It's not exactly a trivial point - it supports my larger point by showing a history of unintentional discrimination within D&D specifically (unless, I suppose, one wants to argue that this was intentional, I guess?). It was both not really the intent of these well-meaning writers, but also still the effect. It wasn't conscious.
This makes an important point: you can have effects that are bigoted without actually being aggressively bigoted yourself.
That's important because it's counter-intuitive. It's easy for us to presume that, you know, if we didn't mean to offend anyone, than anyone who gets offended is pretty much over-reacting by definition. It's not like TSR meant to be racist, but someone who rolls their eyes at that paragraph and says, "yeah, that's actually kind of racist, guys" is still right. It doesn't mean that TSR was being staffed by KKK members out of Lake Geneva, but the fact that it wasn't meant to be offensive doesn't change the fact that it kind of is.
That's worth mentioning often in part BECAUSE it's counter-intuitive - it's something easy to forget. If it's something that happens to TSR circa 1989, it's also something that probably happens to people today in some way (even if not in the same way).
I was using it to illustrate the point that we can transform the often-kind-of-repugnant fantasy that we cull from as source material into something that is better than its source material in that respect, and one of the ways we can do that is by telling stories that feature things that would've been unthinkable in 1989 or 1919 or 1890 or earlier - things like black PC's. Or a tragic lesbian love-triangle. Or some random gay commoner. It runs counter to the argument that "this doesn't come up in D&D" by saying that sometimes having it come up in D&D is absolutely what you WANT.

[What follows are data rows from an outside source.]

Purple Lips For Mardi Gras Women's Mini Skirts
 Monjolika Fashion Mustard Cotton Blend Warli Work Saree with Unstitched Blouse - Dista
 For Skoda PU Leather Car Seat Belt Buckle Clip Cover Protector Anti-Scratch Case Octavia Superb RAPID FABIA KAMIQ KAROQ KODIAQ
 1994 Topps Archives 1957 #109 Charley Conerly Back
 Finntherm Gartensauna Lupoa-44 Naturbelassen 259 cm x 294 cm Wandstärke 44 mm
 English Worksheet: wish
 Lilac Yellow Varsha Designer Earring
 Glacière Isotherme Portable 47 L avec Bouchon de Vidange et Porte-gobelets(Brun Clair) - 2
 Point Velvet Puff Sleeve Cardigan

It also serves to illustrate a point about vigilance: if you can cause discriminatory effects without holding an ounce of discrimination in your heart, it's important to keep an eye out for when that happens, and it's important to be able to correct yourself when you've done something a little bit awful, even if you didn't mean to, because you want the effects of your actions to line up with your intent.
An explicit policy of inclusion like WotC's or the OP's can serve to enhance that vigilance.
So pointing out that D&D was sometimes a bit awful about these things in the past is in part a call to learn from that history, so we don't repeat its mistakes and arrogantly presume that if we don't mean for it to be offensive, then it shouldn't be taken to be offensive. It's also in part showing that we aren't tethered to the past for our new stories - that it "not coming up in D&D" might be part of why you MAKE it come up in D&D, because there's awesome new tales to be told and adventures to be had when you look at D&D through that lens.